Worcestershire Record No. 20 April 2007 p. 21


Reports compiled by Mark and Christine Turner

Up to mid-November the weather had been kind to local wild bird populations.

I was very pleased with the numbers of Kestrels appearing in a relatively small rural area between Broadway and Evesham.

Dawn observations can be very revealing and at this time I was seeing four Kestrels between Childswickham and Hinton Cross, four at Wickhamford and four at Broadway. Typically as winter draws on Kestrels start hunting ever closer to human habitation, examples being one bird regularly returning into Broadway village centre and another frequenting a Wickhamford garden centre. On 30th January 2006, the Broadway bird flew over me at 07.40 hrs and actually alighted on the chimney stack of a nearby house. Through my eyes this has not been a typical type of perch to see Kestrels using.
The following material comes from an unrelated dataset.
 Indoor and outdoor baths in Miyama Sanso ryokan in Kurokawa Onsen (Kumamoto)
My Broadway subject normally utilized a telegraph pole over-looking gardens and an alley-way.

A return journey from Pershore to Stratford-upon-Avon yielded no less than nineteen Kestrel sightings (C.E.Turner) and six Kestrels were on view between Pershore and Hill and Moor Landfill Site on 5th December.
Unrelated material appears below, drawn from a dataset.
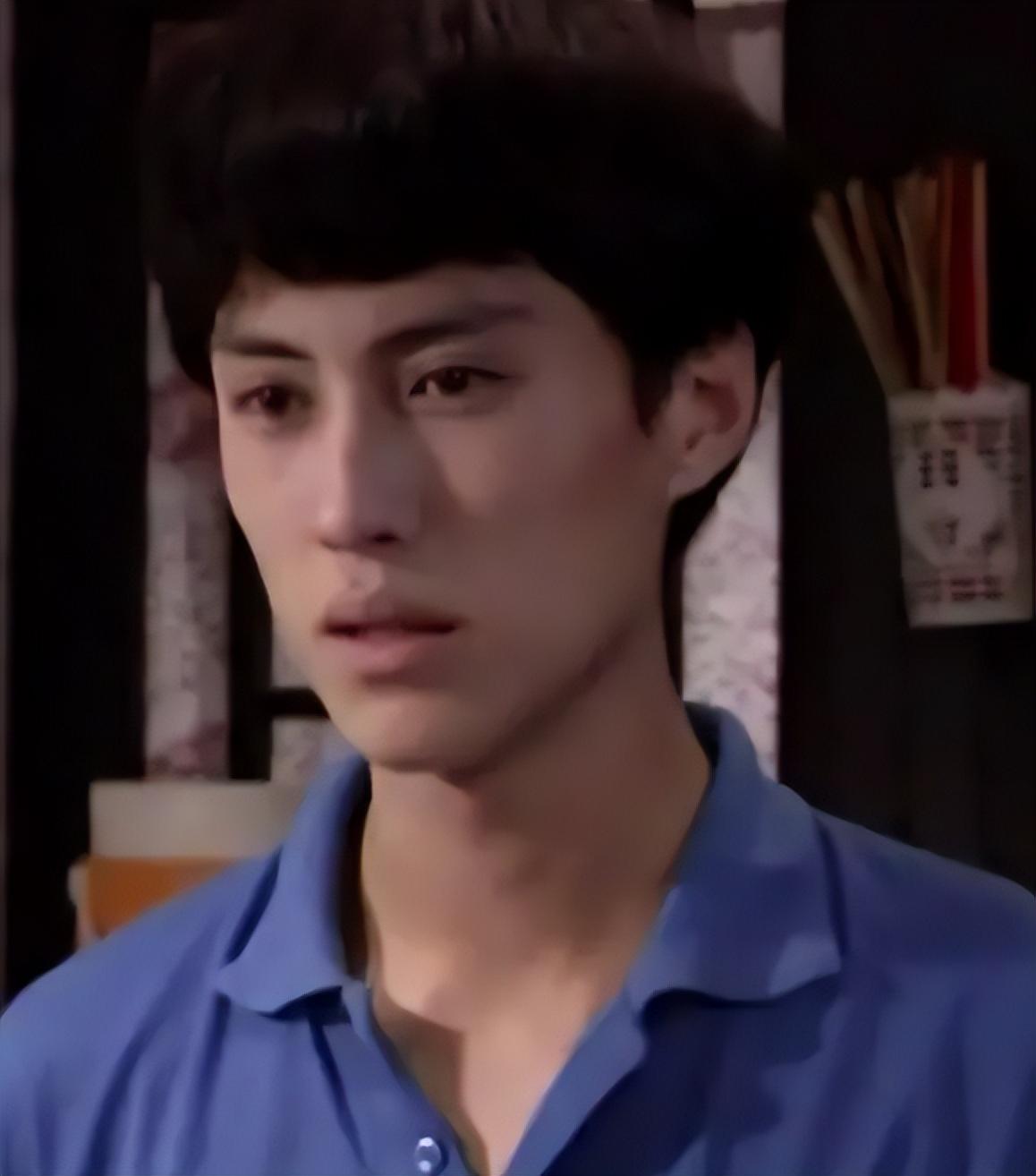 回顾靳东从服务员逆袭成演员能成功要感谢两位母亲的帮助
A beautiful sunny winter’s day on 10th December brought the raptors out on view. All three common raptors showed well around the Vale and the Kestrel count was typically good, defying general opinion that their numbers are declining. One of the day’s highlights was a count of five Kestrels spaced out along the route between Hinton Crossroads and the Bricklehampton turn off, a distance of approximately 5˝ km.



The evening of 28th February 2006 was destined to be spectacularly successful for recording predatory birds in our part of south east Worcestershire.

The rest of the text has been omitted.